The optimum time to realize your forestry asset is when:

  • market conditions are favorable
  • the stand has generated maximum growth verses the cost of capital invested
  • when trees have maximized their pruned Clearwood growth and structural saw logs have optimized the high density desired.

First rule = engage a professional with a good track record and good references in the industry.
In terms of sales process, typically there are two main types of log sales

1. Managed sale
This is where the owner appoints a professional harvesting/marketing company to oversee all aspects of the project on behalf of the vendor. The project is very transparent for the owner, with the owner receiving a detailed report of revenues received and costs incurred from the logging harvesting transport costs and marketing. In an open book project, the owner takes the responsibility for market risk or market shift and will make more money should the market rise during the operation but conversely may lose revenue should the market fall during the asset realization.

2. Stumpage sale
The advantage of the stumpage sale for the forest owner is that they have know the exact dollar per tonne figure they are going to receive from their forest. However stumpage buyers will discount their buy price to offset grade, volume and market and US Dollar fluctuations.

 

There are three subcategories to a stumpage sale:

  1. Graded (pay as cut) sale: This is where the stumpage buyer pays a different price for each grade cut.
  2. Composite (pay as cut): This is where the stumpage buyer pays a composite price for all logs removed. This produces an incentive to optimize grade outturn, it is likely to result in a price discount to mitigate the buyer’s risk that the grade mix is inferior to that assessed before harvesting.
  3. Lump sum sale: This is where a stumpage buyer pays a lump sum for all logs before the harvest.

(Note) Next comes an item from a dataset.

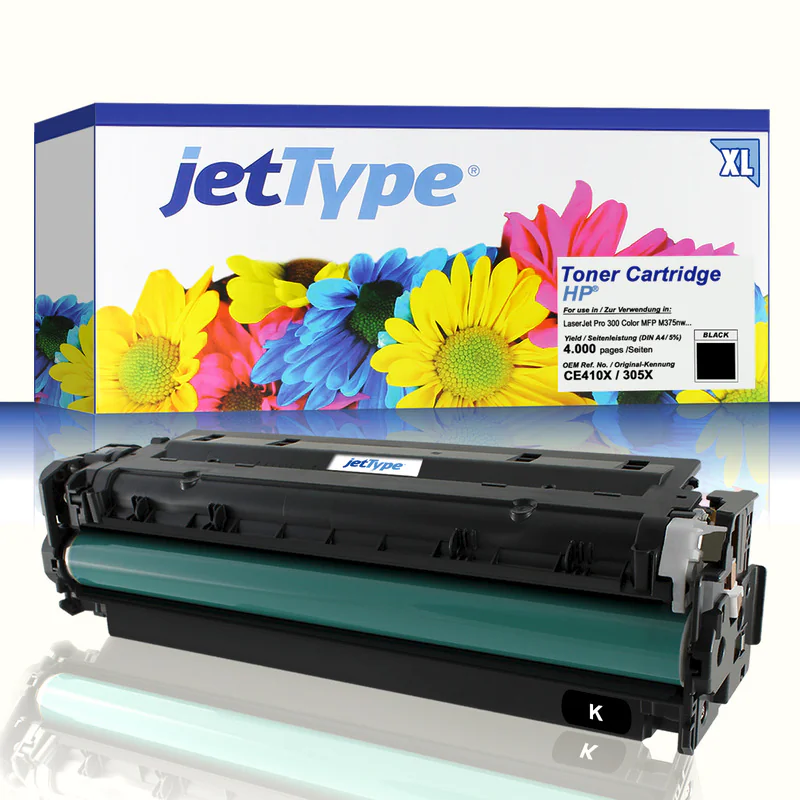 jetType Toner kompatibel zu HP CE410X 305X schwarz 4.000 Seiten Große Füllmenge 1 Stück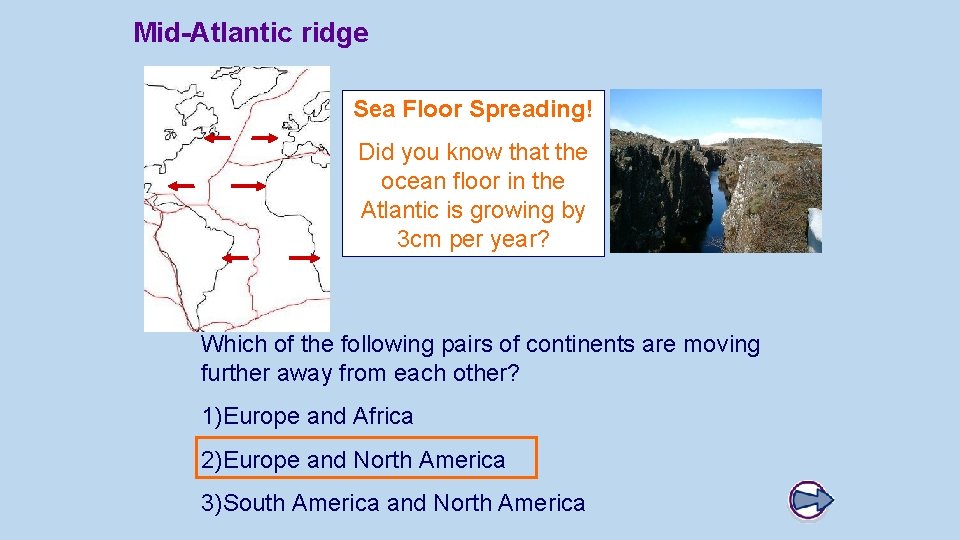 Mid-Atlantic ridge Sea Floor Spreading! Did you know that the ocean floor in the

The buyer takes all the risk of grade mix and total recoverable volume, as well as market risk.
  4. NZ Forest Products Group Limited  can arrange stumpage sales for forest owners if required and/or purchase forests on a lump sum basis.

 

Some things to consider in the sales process
Your trees have been growing for a minimum of 25 years

You need to consider:

  • Revenue – Is the current log market relatively good for your stand of trees and will it generate revenue for your logs?
  • Harvesting capacity availability – Harvesting crews are no longer readily available. Once you decide to harvest it could be months before you can secure a harvesting crew. You need to plan well in advance to ensure you can actually harvest your trees when desired
  • Seasonal issues – Does it fit in with other farm operations? Do you need to consider winter vs summer harvesting due to soil type?
  • Costs – You need to consider harvesting and trucking costs, along with roading costs and the costs of transporting in a harvesting crew.
  • Log value recovery – Does the harvesting crew you are using have the necessary skills to optimise each tree stem 
  • Return on investment 
  • Land use – Is your current tree crop the best use of your land going forward?
  • What are you going to do with the land post harvest? Replant or clear? Have you considered ETS liabilities and subsequent reestablishment costs?